EXERCISE:
Print the line containing "ミカサ(MIKASA) 重いバレーボール トレーニング5号球 370g" and every later line of the records. Keep each one exactly as given, ending with the last.

DATA LISTING:

● ● ● ● ● ● ●

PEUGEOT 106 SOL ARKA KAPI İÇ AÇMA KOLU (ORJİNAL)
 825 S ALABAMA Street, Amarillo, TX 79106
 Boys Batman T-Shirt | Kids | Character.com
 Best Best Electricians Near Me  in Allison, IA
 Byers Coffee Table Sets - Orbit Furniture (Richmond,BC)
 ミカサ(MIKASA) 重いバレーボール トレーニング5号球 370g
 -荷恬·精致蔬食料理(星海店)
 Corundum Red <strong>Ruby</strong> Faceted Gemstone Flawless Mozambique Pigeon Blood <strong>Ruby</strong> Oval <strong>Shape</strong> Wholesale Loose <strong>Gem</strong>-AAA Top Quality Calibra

● ● ● ● ● ● ●

WRITTEN RESPONSE:
 ミカサ(MIKASA) 重いバレーボール トレーニング5号球 370g
 -荷恬·精致蔬食料理(星海店)
 Corundum Red <strong>Ruby</strong> Faceted Gemstone Flawless Mozambique Pigeon Blood <strong>Ruby</strong> Oval <strong>Shape</strong> Wholesale Loose <strong>Gem</strong>-AAA Top Quality Calibra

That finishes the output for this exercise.